Vision Transformers Need More Than Registers¶
Conference: CVPR 2026 arXiv: 2602.22394 Code: GitHub Area: Visual Representation Learning / Vision Transformer Analysis Keywords: ViT artifacts, lazy aggregation, patch score, foreground aggregation, register tokens
TL;DR¶
This paper systematically analyzes the artifact phenomenon widely observed in ViTs across fully supervised, text-supervised, and self-supervised paradigms, revealing that the root cause is "lazy aggregation"—ViTs exploit semantically irrelevant background patches as shortcuts to represent global semantics. The authors propose LaSt-ViT (LazyStrike ViT), which anchors the CLS token to foreground regions via frequency-aware selective channel aggregation, consistently eliminating artifacts and improving performance across 12 benchmarks.
Background & Motivation¶
Background: ViTs have become the de facto standard for image recognition and, more importantly, serve as general-purpose feature extractors (frozen foundation models) for diverse downstream tasks. ViTs trained under different supervision paradigms each have their strengths: fully supervised and text-supervised models (e.g., CLIP) excel at open-vocabulary tasks and serve as visual encoders for LVLMs, while self-supervised models (e.g., DINO) are well-suited for unsupervised segmentation and object discovery.
Limitations of Prior Work: 1. DINO identifies attention deficit issues in fully supervised ViTs. 2. CLIPSelf finds that dense features from text-supervised ViTs are misaligned with textual cues. 3. The Register paper discovers that self-supervised ViTs (DINOv2) produce high-norm token artifacts that impair object localization. 4. These phenomena suggest a shared underlying problem in ViTs, yet no unified explanation or solution has been proposed.
Key Challenge: ViTs achieve excellent image-level classification performance, but patch-level dense feature quality is poor—top-scoring patches fall on background rather than foreground regions, and register tokens only suppress the high-norm phenomenon without addressing the fundamental issue (PiB even degrades).
Goal: To define, analyze, and resolve the artifact problem in ViTs across different supervision paradigms from first principles in a unified manner.
Key Insight: The authors introduce Patch Score (CLS-patch cosine similarity) and Point-in-Box (PiB) as unified metrics for quantifying artifacts, and identify the root cause as lazy aggregation—global attention combined with coarse-grained supervision leads ViTs to take shortcuts by encoding global semantics through background patches.
Core Idea: Distinguish foreground from background patches via frequency-domain stability analysis, and selectively aggregate stable patches into the CLS token to eliminate lazy aggregation.
Method¶
Overall Architecture¶
The core of LaSt-ViT is replacing the original CLS token aggregation mechanism in ViTs (Attention Pooling or GAP) with a channel-wise frequency-stability-based Top-K selective aggregation.

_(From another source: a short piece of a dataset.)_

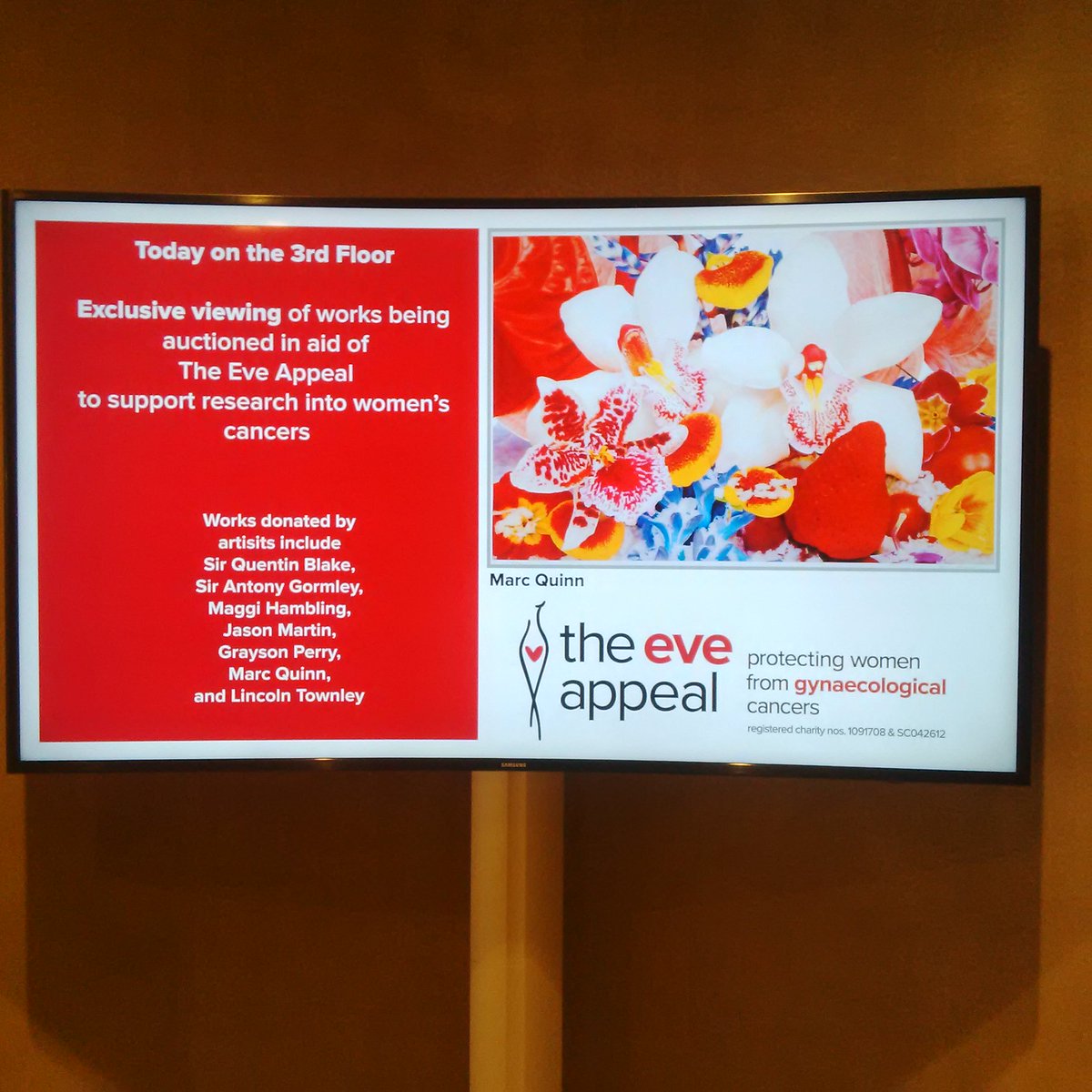 Floral fabulousness meets fabulousness! @_MarcQuinn gorgeous artwork &amp; <a href="/SimonLycett/">Simon Lycett</a> gorgeous #EveAppeal flowers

The intuition is that foreground patch features are more homogeneous along the channel dimension (semantically consistent) and are therefore more stable under low-pass filtering.
Key Designs¶
-
Patch Score and Point-in-Box (PiB) as Unified Metrics:
- Patch Score is defined as the cosine similarity between each patch feature and the CLS token: \(\mathcal{S}_p = \frac{\mathbf{x}_{\text{patch}} \cdot Q_{\text{CLS}}}{\|\mathbf{x}_{\text{patch}}\|_2 \|Q_{\text{CLS}}\|_2}\)
- PiB measures whether the highest-scoring patch falls within a foreground ground-truth bounding box, serving as an indicator of artifact severity.
- Experiments show that ViT achieves a PiB of only 42.7, far below ResNet's 68.4; while register tokens eliminate the high-norm phenomenon, PiB actually drops to 41.5.
- These metrics are agnostic to the supervision paradigm and apply uniformly across fully supervised, text-supervised, and self-supervised ViTs.
-
Validating the Lazy Aggregation Hypothesis:
- Masking probe: Removing the top 50% of patches by Patch Score has negligible or slightly positive effect on ImageNet accuracy (+1.2%), whereas removing low-scoring patches causes a sharp accuracy drop (−60% at 70% masking), confirming that high-scoring patches are semantically irrelevant background.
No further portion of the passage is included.